* [Goal of the exercise]
Word for word, copy the lines from the one with "black lace, satin" to the last line of the data below, counting both, and keep every picture out.

* [Information supplied]
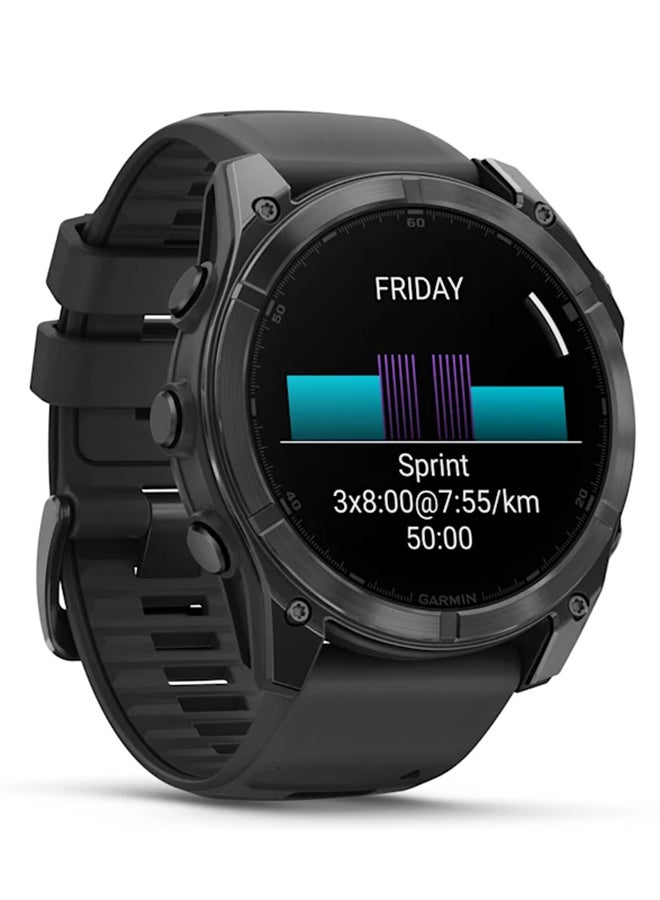 GARMIN - Fenix 8 - 51MM - Up To 29 Days Battery Life - 1.4"inch Amoled Display, Scratch Resistant, Sapphire Crystal, Heart Rate Monitor, All Day Stress Monitor, Offline Voice Command, Calling Features, Super Bright Led Flashlight, iOS and Android Compatible Slate Gray - Image 1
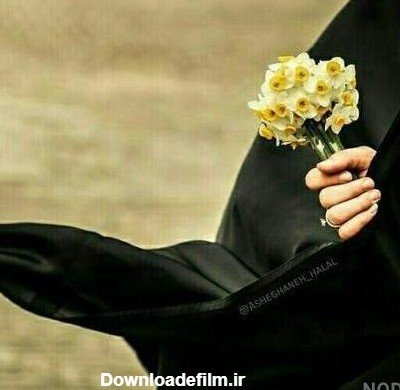  عکس گل نرگس در دست دختر چادری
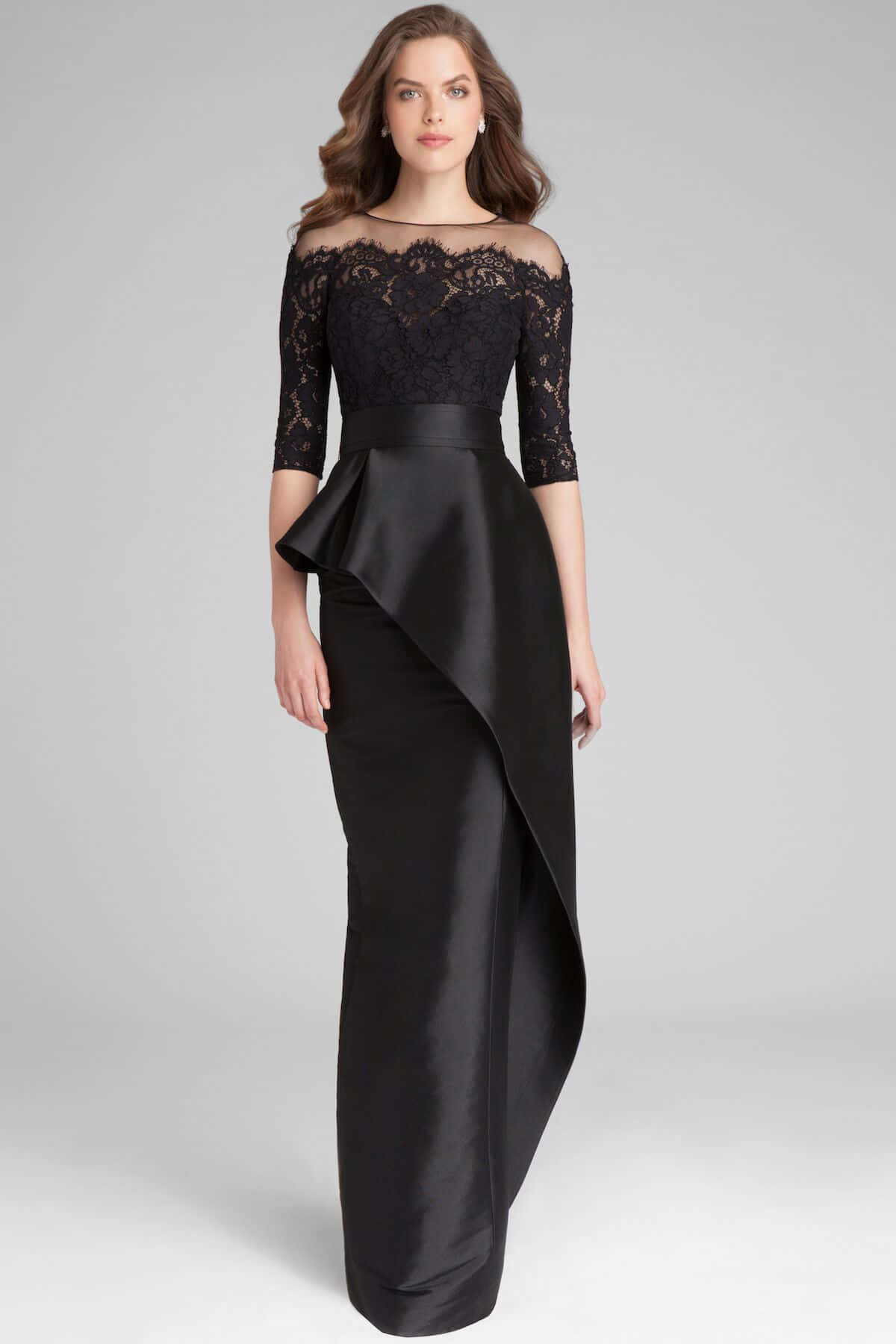 black lace, satin gown, dramatic asymmetrical skirt, HD Phone Wallpaper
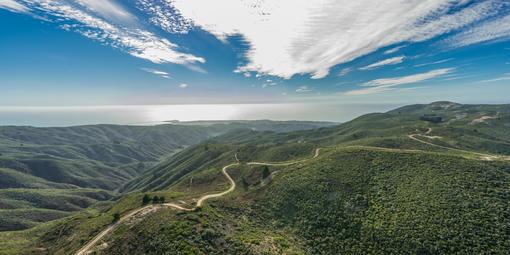 Aerial view of Rancho Corral de Tierra trails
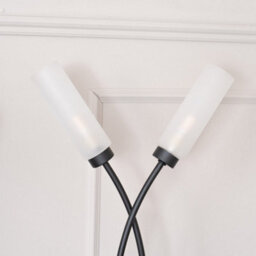 Valuelights Maya 2 Way Curved Arm Cross Over Matt Black Table Lamp For Living Room Hallway Bedside Light - Led Bulbs Included - thumbnail 3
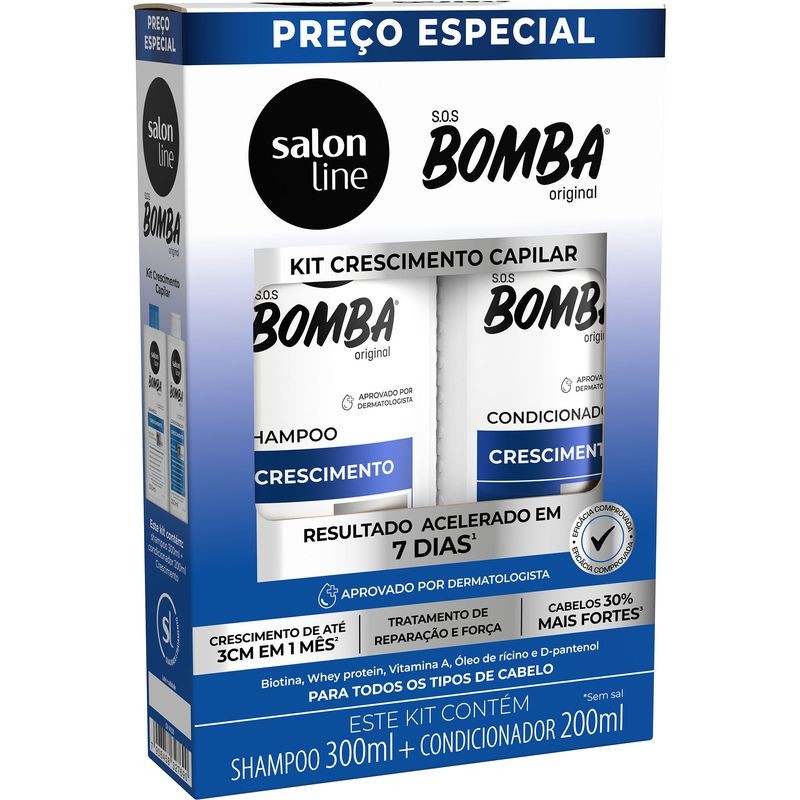 Kit Shampo 300 Condicionador 200 Bomba Original Salon Line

* [Exercise output]
 black lace, satin gown, dramatic asymmetrical skirt, HD Phone Wallpaper
 Aerial view of Rancho Corral de Tierra trails
 Valuelights Maya 2 Way Curved Arm Cross Over Matt Black Table Lamp For Living Room Hallway Bedside Light - Led Bulbs Included - thumbnail 3
 Kit Shampo 300 Condicionador 200 Bomba Original Salon Line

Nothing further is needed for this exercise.